**TO DO**
In the data that follows, each entry is to be restated exactly.

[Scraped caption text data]
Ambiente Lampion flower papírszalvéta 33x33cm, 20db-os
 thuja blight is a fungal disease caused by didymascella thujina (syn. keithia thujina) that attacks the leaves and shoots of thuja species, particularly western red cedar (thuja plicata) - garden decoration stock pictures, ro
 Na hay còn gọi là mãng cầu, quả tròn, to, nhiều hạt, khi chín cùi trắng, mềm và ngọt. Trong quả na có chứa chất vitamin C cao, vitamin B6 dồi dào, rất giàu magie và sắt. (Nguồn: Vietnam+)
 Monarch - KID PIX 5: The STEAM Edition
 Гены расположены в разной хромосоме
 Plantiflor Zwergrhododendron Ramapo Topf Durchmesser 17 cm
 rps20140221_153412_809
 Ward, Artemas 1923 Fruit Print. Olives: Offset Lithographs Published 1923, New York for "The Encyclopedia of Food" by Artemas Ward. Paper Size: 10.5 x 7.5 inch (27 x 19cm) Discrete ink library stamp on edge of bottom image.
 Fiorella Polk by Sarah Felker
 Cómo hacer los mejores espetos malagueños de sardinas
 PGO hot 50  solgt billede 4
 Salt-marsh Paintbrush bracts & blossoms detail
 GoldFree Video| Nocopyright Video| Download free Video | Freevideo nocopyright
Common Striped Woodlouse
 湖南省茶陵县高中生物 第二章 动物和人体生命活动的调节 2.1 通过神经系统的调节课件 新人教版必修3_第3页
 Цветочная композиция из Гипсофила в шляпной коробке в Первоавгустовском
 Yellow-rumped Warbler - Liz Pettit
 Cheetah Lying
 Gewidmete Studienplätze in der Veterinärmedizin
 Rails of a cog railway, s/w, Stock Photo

**ANSWER BELOW**
Ambiente Lampion flower papírszalvéta 33x33cm, 20db-os
 thuja blight is a fungal disease caused by didymascella thujina (syn. keithia thujina) that attacks the leaves and shoots of thuja species, particularly western red cedar (thuja plicata) - garden decoration stock pictures, ro
 Na hay còn gọi là mãng cầu, quả tròn, to, nhiều hạt, khi chín cùi trắng, mềm và ngọt. Trong quả na có chứa chất vitamin C cao, vitamin B6 dồi dào, rất giàu magie và sắt. (Nguồn: Vietnam+)
 Monarch - KID PIX 5: The STEAM Edition
 Гены расположены в разной хромосоме
 Plantiflor Zwergrhododendron Ramapo Topf Durchmesser 17 cm
 rps20140221_153412_809
 Ward, Artemas 1923 Fruit Print. Olives: Offset Lithographs Published 1923, New York for "The Encyclopedia of Food" by Artemas Ward. Paper Size: 10.5 x 7.5 inch (27 x 19cm) Discrete ink library stamp on edge of bottom image.
 Fiorella Polk by Sarah Felker
 Cómo hacer los mejores espetos malagueños de sardinas
 PGO hot 50  solgt billede 4
 Salt-marsh Paintbrush bracts & blossoms detail
 GoldFree Video| Nocopyright Video| Download free Video | Freevideo nocopyright
Common Striped Woodlouse
 湖南省茶陵县高中生物 第二章 动物和人体生命活动的调节 2.1 通过神经系统的调节课件 新人教版必修3_第3页
 Цветочная композиция из Гипсофила в шляпной коробке в Первоавгустовском
 Yellow-rumped Warbler - Liz Pettit
 Cheetah Lying
 Gewidmete Studienplätze in der Veterinärmedizin
 Rails of a cog railway, s/w, Stock Photo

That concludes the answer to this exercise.